TASK DESCRIPTION
Restate all of the following data exactly, keeping any images out of the copy.

INFORMATION SHOWN
[Start of section]

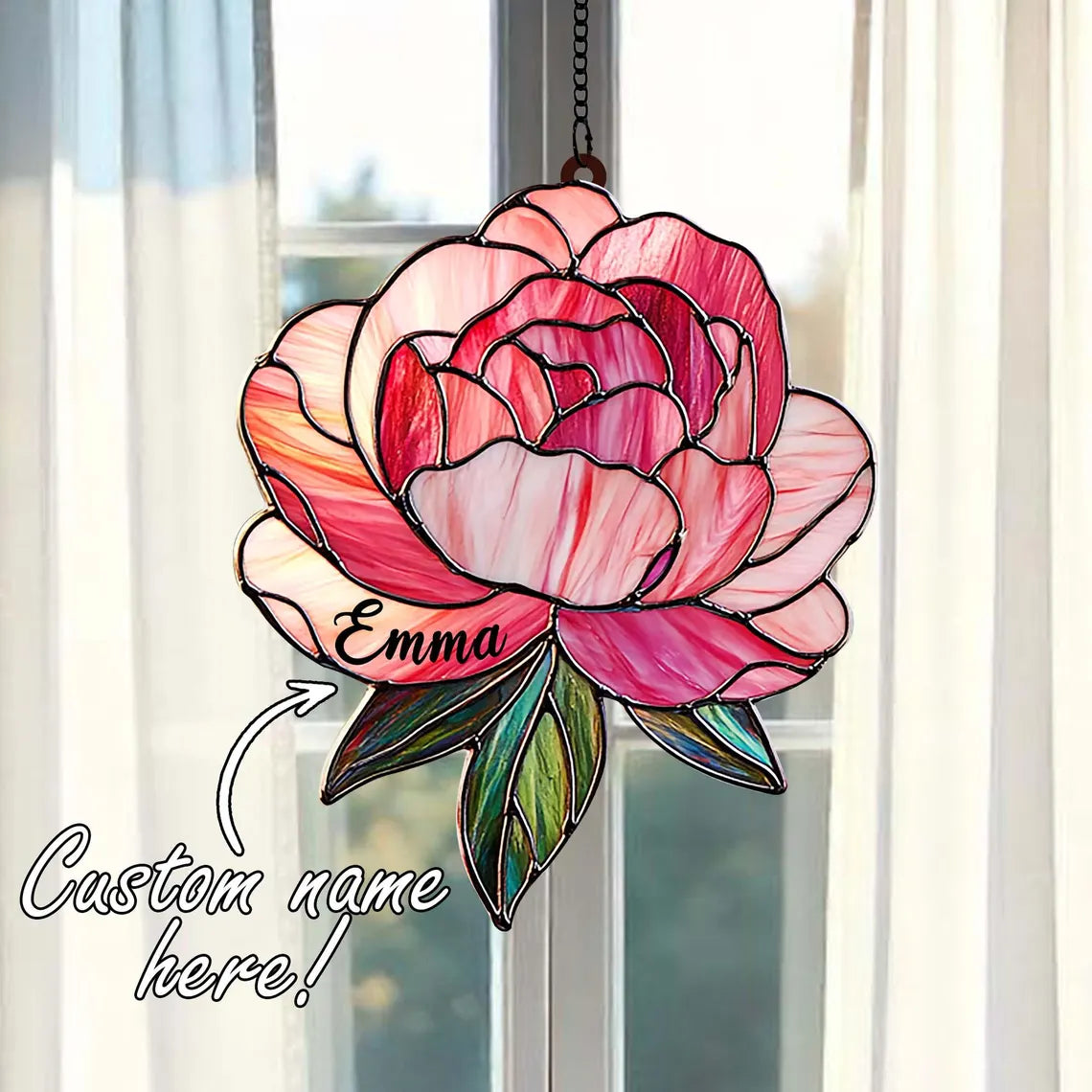 Personalized Peony Acrylic Ornament, November Birth Flower, Gift For Her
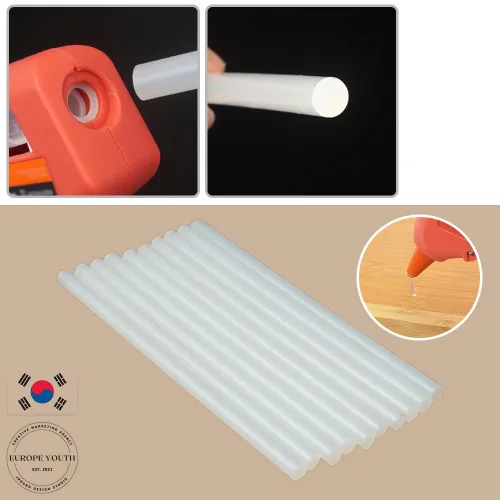 접착력좋은 국산 글루건심 핫멜트 스틱 접착제 10개 7mm 투명 막대본드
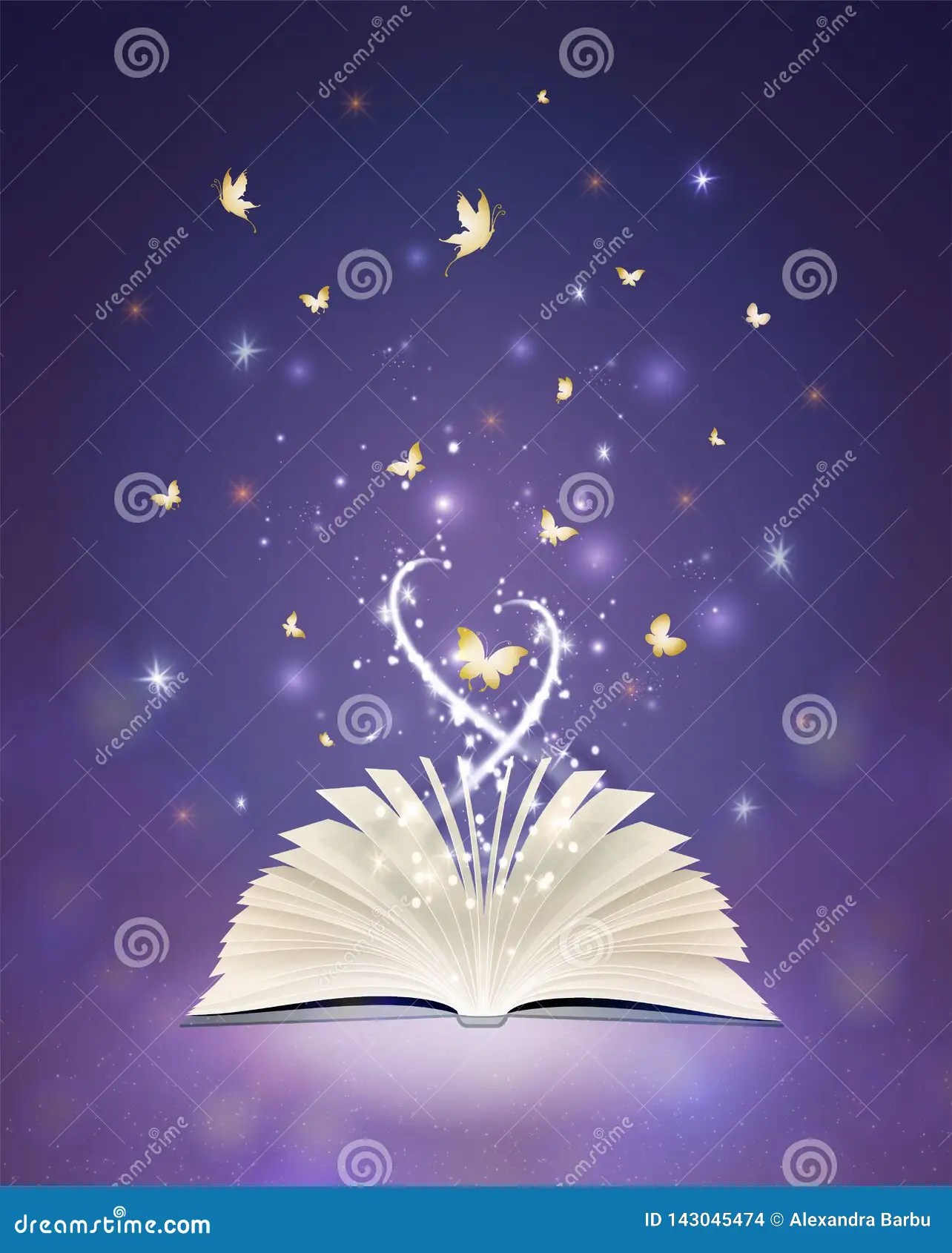 Magic Book, Wish Come True Concept Stock Vector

[End of section]

FINISHED TASK
 Personalized Peony Acrylic Ornament, November Birth Flower, Gift For Her
 접착력좋은 국산 글루건심 핫멜트 스틱 접착제 10개 7mm 투명 막대본드
 Magic Book, Wish Come True Concept Stock Vector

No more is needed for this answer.